The contoured landscape of the fingertip, the aged face, the shriveled fruit: These are the living manifestations of wrinkling. By examining bacterial communities known as biofilms, researchers may have gained insight into how these sometimes beautiful, sometimes bothersome structures arise. In a new study, the scientists showed that they can control the self-assembly of biofilms, and the death of cells within them, to form specific designs—work that may yield a useful technique for tissue engineering.
Biofilms form when bacteria grow on a surface and adhere together. The microbes produce a scaffolding made of proteins, starches, and other molecules; this scaffolding holds the cells in place as they divide, until gradually a visible glob appears. The biofilm can develop various features, such as ridges, formed by folds in the scaffolding. These features can be impressive: If the bacteria were human-sized, the ridges would be as tall as New York City's Chrysler Building.
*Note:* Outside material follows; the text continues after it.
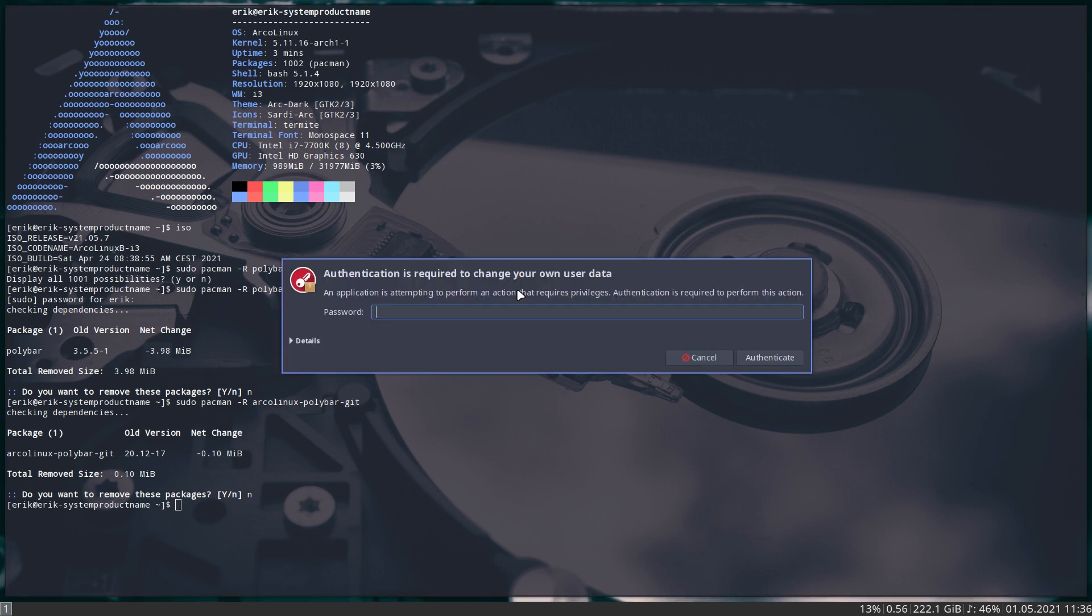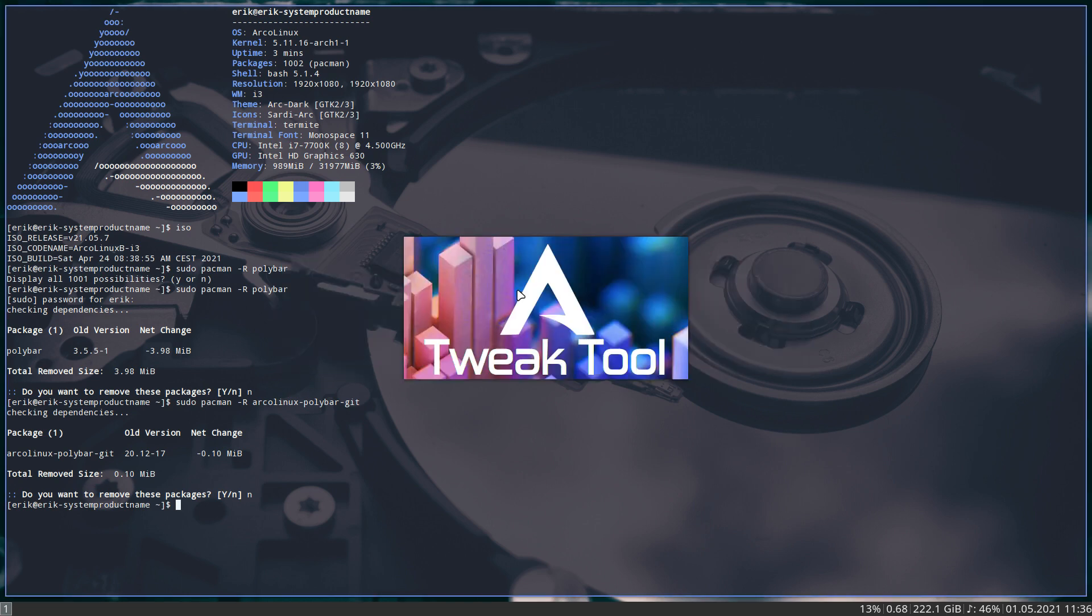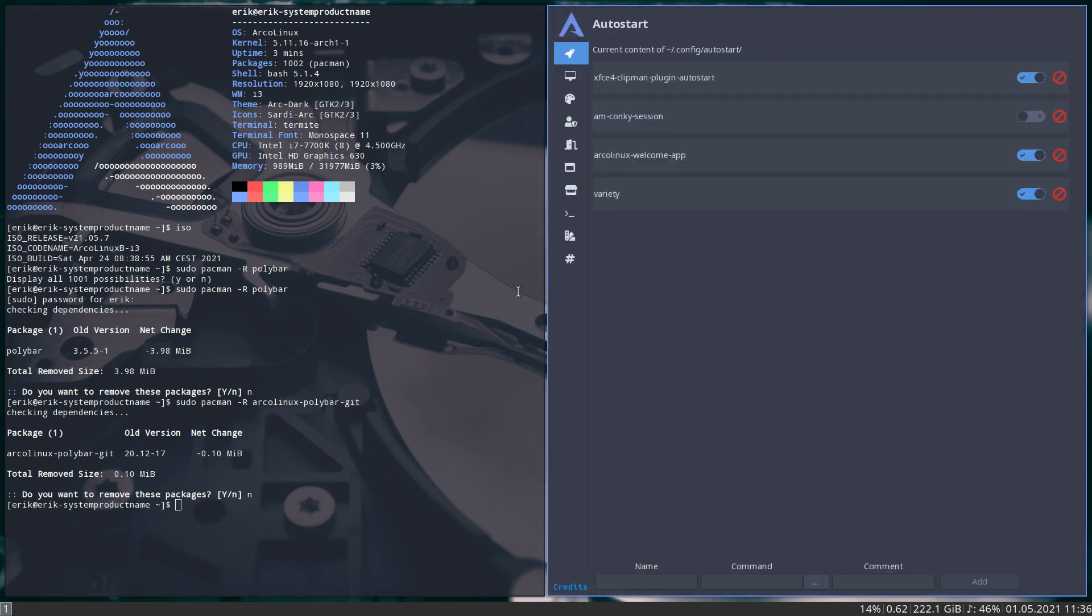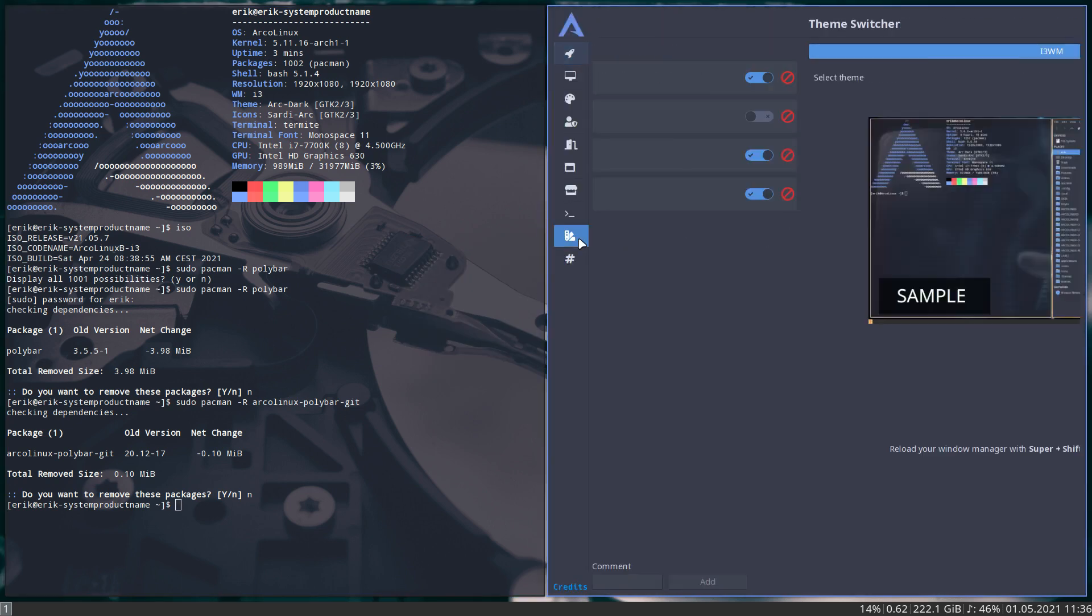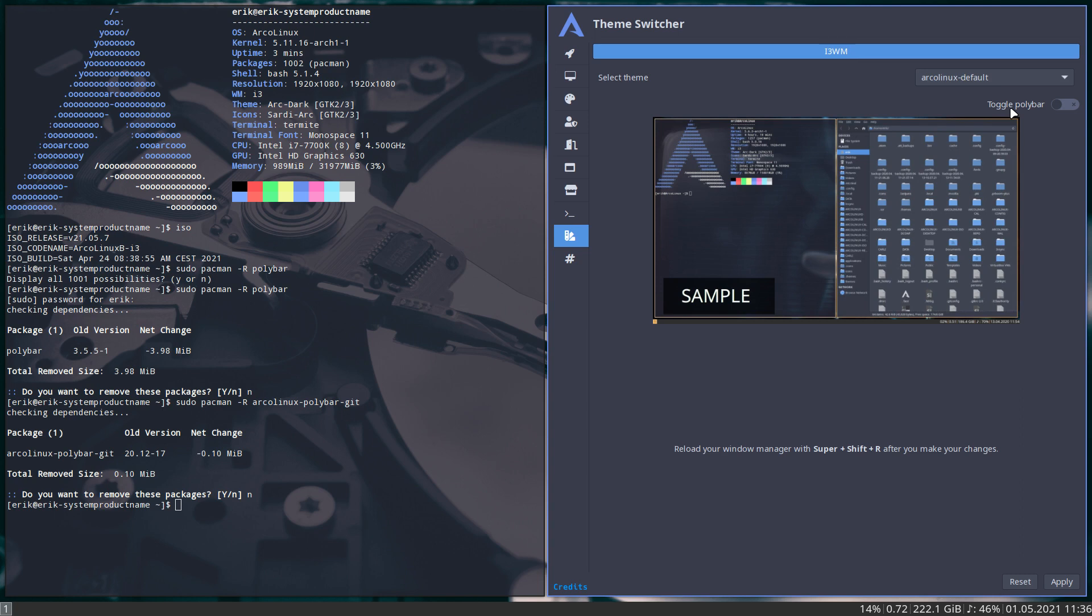Then control alt E. Then you have the Tweak tool. Did you install the Tweak tool? Sudo pacman minus S ArcoLinux Tweak tool. In here we have this nice little button that says theme switcher i3 WM. ArcoLinux default. Toggle Polybar. So the question on YouTube was, I can't work with this toggle Polybar thing.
Systems biologist Gürol Süel at the University of California, San Diego, wanted to understand what generates the ridges, which are thought to help the biofilm exchange nutrients more efficiently. Süel and his colleagues found dead cells accumulated under the ridges, but didn't know which came first: the cells' deaths or the folding of the scaffolding. To solve this chicken-or-egg problem, Süel and his colleagues first set out to explore cell death in the biofilms. The team made many mutants of Bacillus subtilis, a soil bacterium. Each mutant was missing a gene thought to be involved in biofilm formation. In each case, the team noted whether the gene enhanced or inhibited cell death. The team also kept track of when and where the cells died. Overall, there was a pattern to the death of the cells, they discovered: Only certain patches of cells would disintegrate.
And after those cell patches disintegrated, wrinkles appeared at those locations, Süel and his colleagues report this week in the early online edition of the Proceedings of the National Academy of Sciences. And when mutant cells did not die as often as normal, they found, the biofilm wrinkled less.
The group then measured the mechanical properties of the biofilm and also looked at how the mutant cells and their scaffolding moved as the biofilm grew. Genes that altered the scaffolding's stiffness affected how well the wrinkles formed, they found. This shows that "there's an interplay between the genetic processes and the physical aspects," says Jim Haseloff, a synthetic biologist at the University of Cambridge in United Kingdom who was not involved with the study.
"For the first time, this paper suggests a mechanism for building a structure" that involves both cell death and mechanical forces, says Ken Bayles, a microbiologist at the University of Nebraska Medical Center in Omaha who was not involved with the work. "It provides a very basic model to help guide us to understand much more complex processes."
Furthermore, says Gerard Markx, a biochemical engineer at Heriot-Watt University in the United Kingdom who was not involved with the work, the study "gives us insights into how developmental processes may work in larger multicellular organisms such as plants and animals."
Süel thinks overcrowding within a biofilm leads to the cells' demise. The scaffolding constrains the cells as they grow, and they get crammed together, much like riders on the Tokyo subway are pushed into already crowded cars. Oxygen gets depleted and wastes accumulate, triggering cell death. Meanwhile a lot of tension builds up in the scaffolding due to lateral compression. When the cells shrivel, they relieve that tension and the biofilm buckles vertically, ultimately creating a wrinkle.
By laying down cells in different densities on a laboratory dish, the researchers discovered they could make wrinkles grow in specific patterns, such as the letters of the alphabet. The technique may be useful as chemical engineers try to harness biofilms for processing biofuels and other valuable chemicals. "It's one of the few demonstrations that we can control a three-dimensional structure [emerging] from a population of living cells," Süel says.